Comment by Ed. Catlin's letter, dated at the Mandan village, August 12, 1832, was published in the New York Spectator, and a German translation incorporated in the first edition of Maximilian's work published at Coblentz in 1841 (ii, pp. 658-667). Upon the issue of Catlin's North American Indians, (1841), the fuller account of Okippe therein given caused Maximilian's English translator to omit from his work Catlin's first description. Catlin's veracity in this description was impugned both by Schoolcraft and David D. Mitchell, and their criticism was embodied in an authorized government publication. Catlin thereupon (1866) appealed both to Kipp and Maximilian, who both unhesitatingly endorsed his account as correct. See evidence in Smithsonian Institution Report, 1885, part ii, pp. 368-383. Catlin then published O-kee-pa (London, 1867), with colored illustrations of the ceremony.

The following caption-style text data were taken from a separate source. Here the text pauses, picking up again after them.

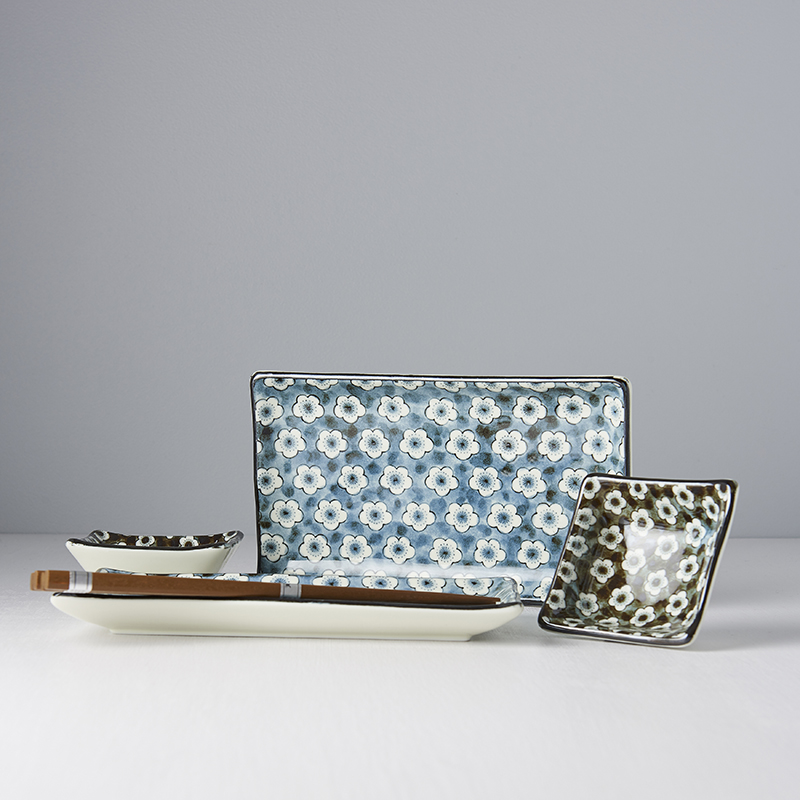 Sushi Set NAVY & WHITE UME, 6-teilig, MIJ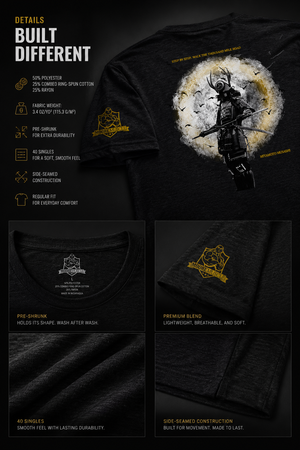 Warrior Collection tri-blend t-shirt fabric, fit, construction, and garment specification details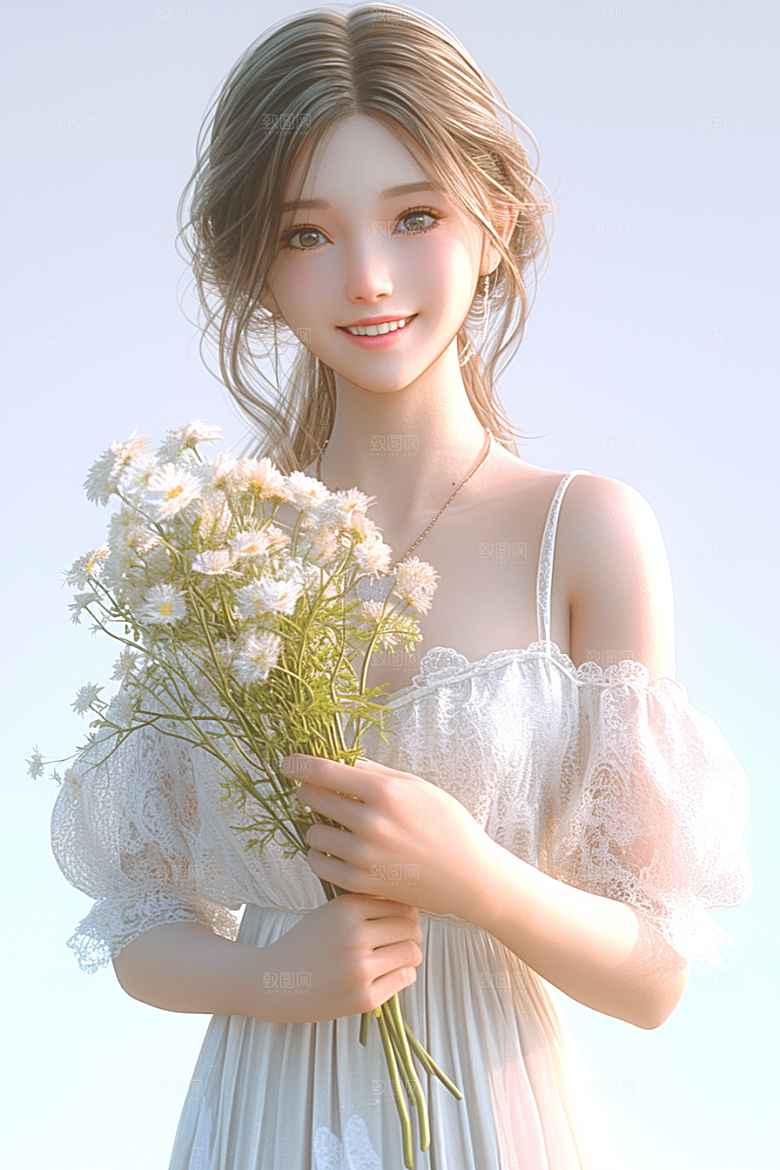 手捧鲜花的少女清新自然素材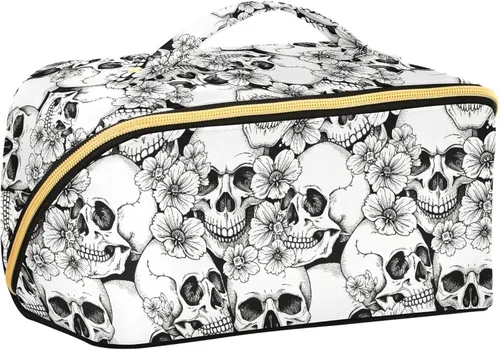 Miniatura 26 de Bolsa Organizadora de Maquillaje, Bolsa de Maquillaje de Halloween con Murciélagos Negros y Cielo Nocturno con Estrellas, Bolsa de Maquillaje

[292] The ceremony of Okippe was for many years celebrated annually; but as the numbers of the tribe decreased it occurred less frequently, and has now with the progress of missionary work become extinct. See, however, description of the celebration in Henry A. Boller, Among the Indians, Eight Years in the Far West (Philadelphia, 1868), pp. 100-111.—Ed.
[293] According to Catlin these drums were supposed to be filled with water enclosed in them at the time of the deluge, and thus were objects of much veneration. For one of them he offered goods to the amount of one hundred dollars, but was refused, they being deemed "medicine" or mystery objects. Captain Maynardier, who witnessed this ceremony in 1860, and thought he was the first to describe it (see Senate Ex. Docs., 40 Cong., 1 sess., No. 77, pp. 149-151), also testifies that the drums were supposed to be filled with water; but he believed they were stuffed with hair.—Ed.
[294] According to Catlin, "the first man" collects an edged tool from each lodge, since the "big canoe" was made therewith, and in another deluge these would be needed.—Ed.
[295] That is, they dance twice to each of the four quarters of the globe, four being a sacred number. See plates of the costume in Catlin, O-kee-pa, nos. v, vi.—Ed.
[296] See O-kee-pa, plate viii, for the rattlesnake man.—Ed.
[297] An exact description of the representation by Catlin, op. cit., plate ix. According to the painter, this evil spirit does not appear until the fourth day of the ceremony.—Ed.
[298] When these Indians fast for three or four days together, they dream very frequently of the devil, and, in this case, they believe that they have not long to live. The narrator had once fasted for a long time at this festival, and suffered himself to be hung up by the back. During the night he dreamed of the devil, who appeared far more frightful and taller than he could ever be represented. His plume of feathers reached to the clouds, and he ran about as quick as lightning. On several other occasions he dreamed of this devil, but now he is resolved not to fast any more, that he might not die prematurely. He added, that he had often looked without apprehension, and with pleasure, on the mask representing the devil; but he now regarded the matter in a different light, for, the more he thought of him, the taller and the more frightful did he appear to him, and, under these circumstances, the spirit had been very near him, and, if he had but once touched him, he certainly should have been dead already.—Maximilian.